The EU’s chief Brexit negotiation Michel Barnier in December said the future free trade agreement between the European Union and Britain would have to be along the same lines as the one the EU has with Canada.
But Varadkar said that neither the Norwegian model nor the Canadian model would fit the United Kingdom.
“It’s difficult to compare it to Norway, which is a relatively small country… or a country like Canada, which is on a different continent,” he said.
While Britain has repeatedly said it will not remain in the EU customs union or single market, “perhaps we can negotiate something that isn’t very different to that,” Varadkar said.
Such a deal would, however, require the United Kingdom to realise that it cannot cherry pick benefits of EU membership without the corresponding responsibilities.
Access to European markets for London-based financial services firms would depend on what the UK might give in return, he said.

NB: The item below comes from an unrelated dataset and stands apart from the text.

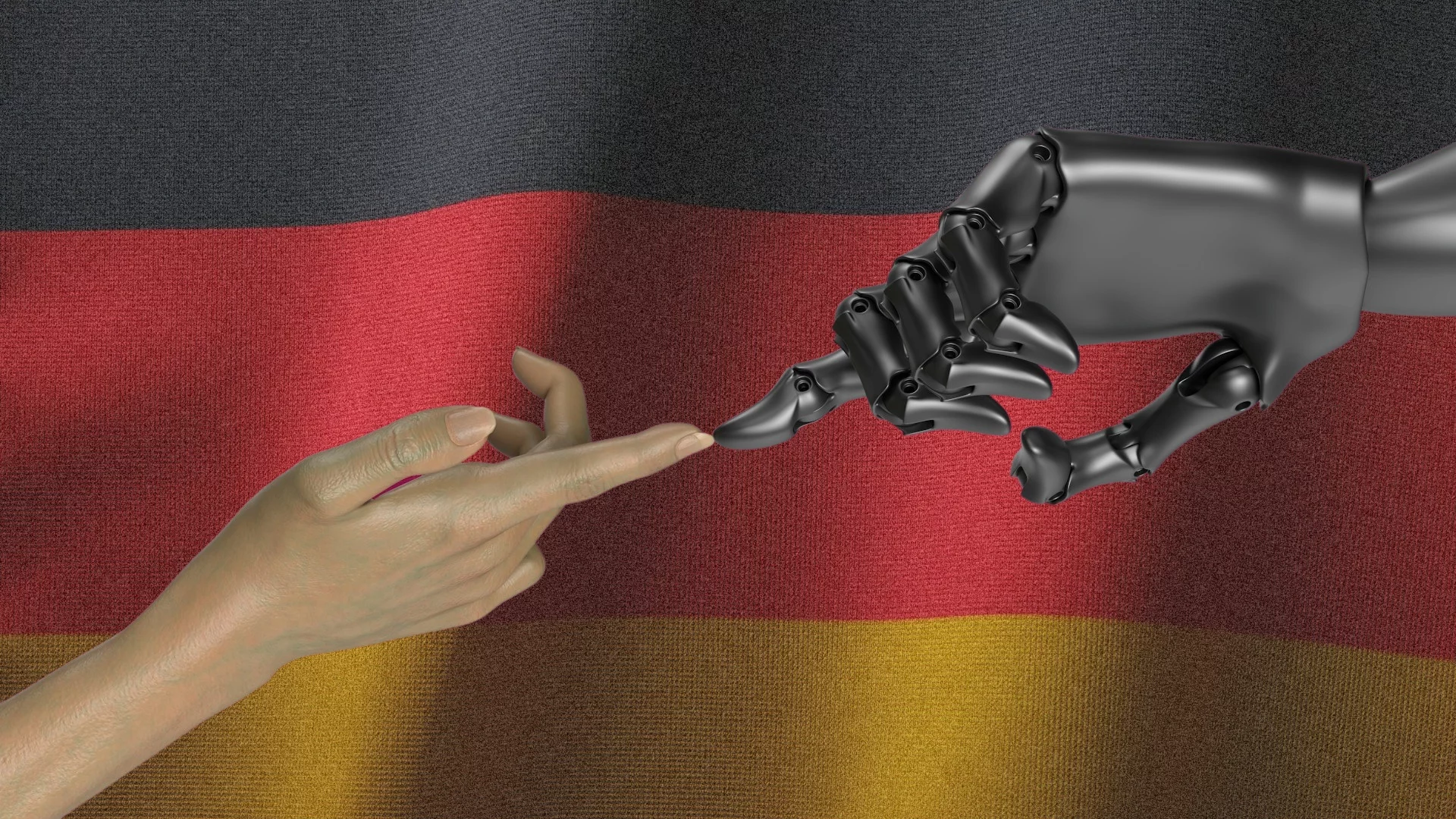 Dłoń człowieka i dłoń robota stykają się palcami wskazującymi na tle flagi Niemiec. Rząd w Berlinie wprowadza program modernizacji włączający AI do administracji.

Meanwhile, The high turnover of ministers in the British government is hampering progress towards Brexit, a think-tank said Thursday. The merry-go-round of faces in Prime Minister Theresa May’s administration will also make it tougher for her to achieve her domestic objectives, the Institute for Government (IFG) said.
While May has kept her top four ministers in place since taking office in July 2016, the report found that 71 percent of ministers — 85 out of 122 — are new to their jobs since the June 2017 general election.
“Political turbulence and ministerial turnover-particularly at junior levels-have disrupted the government’s preparations for Brexit, its ability to pass crucial legislation and its capacity to deal with urgent public service challenges,” the institute said in a report.
Only Brexit minister David Davis and one of the four junior ministers have stayed at the Department for Exiting the European Union since its creation in July 2016, the month after Britain’s EU referendum.
Meanwhile every minister in the Cabinet Office and three-quarters of those in the justice ministry were replaced in this month’s reshuffle.
Both the Justice Department and the Work and Pensions Department have seen a third minister take the helm since May took office.